De este modo expresa Wassermann el desencanto, y luego la desesperación de su famoso personaje Maurizius cuando, pasado el tiempo, se da cuenta del verdadero valor de Ana, por cuyo amor, convertido un absoluto por su imaginación, había sacrificado apasionadamente la vida entera:

« ¡Dios del cielo, qué estúpida es! ¡Increíblemente estúpida! Belleza, alma -todo lo que parecía ser alma-, gracia, encanto, seducción, pasión demoníaca y capacidad de sufrimiento, todo aquello no era más que una capa de barniz dada por un pincel muy fino, los años han quitado el maquillaje y muestran bien claro su fondo miserable; la naturaleza ha desnudado su propia mentira. Nada de corazón, nada de comprensión del destino, ningún reflejo de un mundo superior, solo escenarios de teatro, solo imitación, solo estupidez, como la de esos que se han que­dado marcando el paso en el mismo lugar, por el camino de la vida, como los muchos muertos de la existencia humana que no reconocen la muerte de su propio corazón, de su espíritu. ¡Estúpida como un fantasma!... ¡Y todo por esto! ¡Por esto, Dios mío! ¡Por esto tanto tormento y martirio, la tormenta y la aniquilación, tantos años de tumba!»

El tiempo, tanto cuando cubre las cosas misericordiosamente como cuando las destapa de modo cruel, tiene unas maneras soberanas de mostrar en su mezquindad la verdadera medida y relación de lo que aparece a nuestros ojos como un inexplicable laberinto de misteriosa profundidad .

¡Cuántos hombres y mujeres ya han aprendido, de esa soberana lección del tiempo! ¡Cuántos, después de recoger los despojos de su naufragio matrimonial, han llegado a darse cuenta de que, en vez de casarse con un hada o con un príncipe -con un modelo idealizado de criatura-, se han casado con Ana o María, con Mauricio o con José, con hombres y mujeres de carne y hueso, limitados por su temperamento y por sus defectos, sometidos al natural desgaste del trabajo, los años y las enfermedades!

Hay un antiguo dicho que es, en este sentido, sumamente expresivo: «el tiempo y el desengaño son dos amigos leales que despiertan al que duerme y enseñan al que no sabe»...
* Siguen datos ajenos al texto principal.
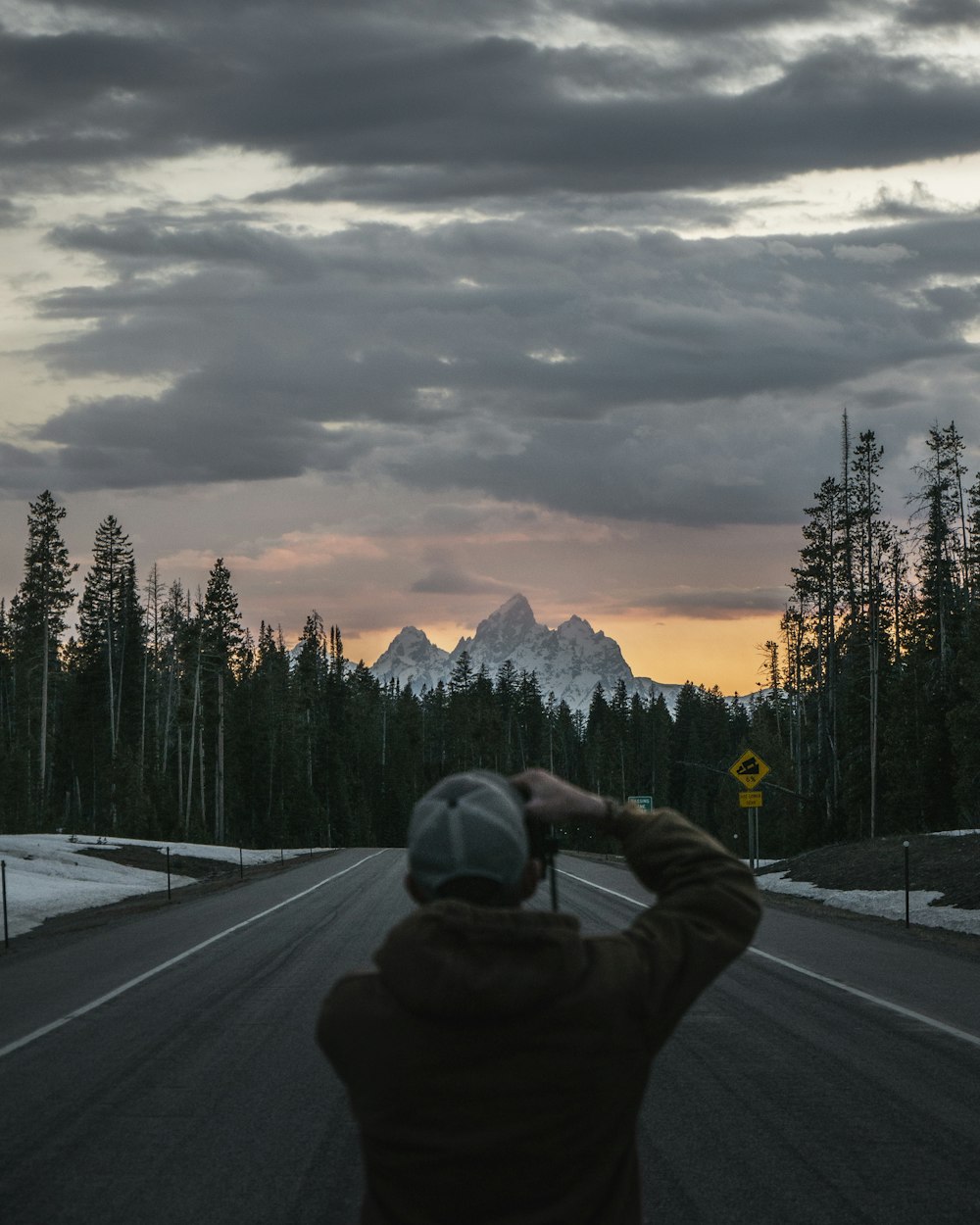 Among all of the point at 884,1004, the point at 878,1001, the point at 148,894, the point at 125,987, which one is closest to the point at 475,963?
the point at 884,1004

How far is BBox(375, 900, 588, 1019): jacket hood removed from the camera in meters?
2.38

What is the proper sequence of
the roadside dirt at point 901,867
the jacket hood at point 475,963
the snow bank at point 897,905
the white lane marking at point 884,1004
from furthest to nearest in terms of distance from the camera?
the roadside dirt at point 901,867 < the snow bank at point 897,905 < the white lane marking at point 884,1004 < the jacket hood at point 475,963

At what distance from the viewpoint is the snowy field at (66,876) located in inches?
1126

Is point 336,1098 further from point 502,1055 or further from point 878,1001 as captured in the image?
point 502,1055

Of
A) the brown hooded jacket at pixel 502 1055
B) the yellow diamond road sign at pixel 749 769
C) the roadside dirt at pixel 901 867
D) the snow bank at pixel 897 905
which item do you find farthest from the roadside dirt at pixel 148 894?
the brown hooded jacket at pixel 502 1055

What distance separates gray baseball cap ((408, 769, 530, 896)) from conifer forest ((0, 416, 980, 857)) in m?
39.6

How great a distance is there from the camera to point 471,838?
8.13 ft

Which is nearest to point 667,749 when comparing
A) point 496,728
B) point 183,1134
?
point 496,728

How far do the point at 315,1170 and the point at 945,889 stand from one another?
68.8 feet

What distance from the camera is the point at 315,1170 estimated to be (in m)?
6.86

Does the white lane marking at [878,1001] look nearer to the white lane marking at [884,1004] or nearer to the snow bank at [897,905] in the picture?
the white lane marking at [884,1004]

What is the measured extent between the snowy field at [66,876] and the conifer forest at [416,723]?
16.6 m

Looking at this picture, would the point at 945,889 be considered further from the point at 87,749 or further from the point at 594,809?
the point at 87,749

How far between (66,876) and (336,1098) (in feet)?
107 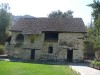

 El paso del tiempo, la perspectiva del tiempo tiene una pedagogía inigualable. Acordándonos de aquellos «dramas» de nuestra infancia o juventud -tal vez fuimos suspendidos en una asignatura, se nos murió un cachorro o sufrimos una decepción sentimental...- hoy, más que «tragedias», seguramente nos parezcan «juegos de niños» que nos hacen sonreír. Pues bien, podríamos también pensar que un hecho doloroso que nos aflige en un momento determinado, al pasar de los años, vendrá a ser cubierto por el benigno manto del tiempo, que le quitará el filo a sus aristas y nos hará ese acontecimiento menos penoso. Deberíamos aprender a pasar por encima de lo que nos sucede y colocarnos en la atalaya de Dios -en su eternidad- para ver nuestra existencia con la serenidad de quien está por encima del paso del tiempo. Y lo que acontece con el tiempo, también sucede con el desengaño y la frustración que tanto nos hacen sufrir. Estos sentimientos podrían llegar a ser para nosotros lecciones que nos enseñen el relativo valor de lo material y la más alta perspectiva para la que fuimos creados.

Sí, la frustración, a la que casi siempre consideramos un golpe, una herida, bien podría volverse para nosotros una consejera, una amiga que nos enseñe la verdadera medida y valor de las realidades que nos circundan y, con ello, el auténtico sentido de nuestra vida.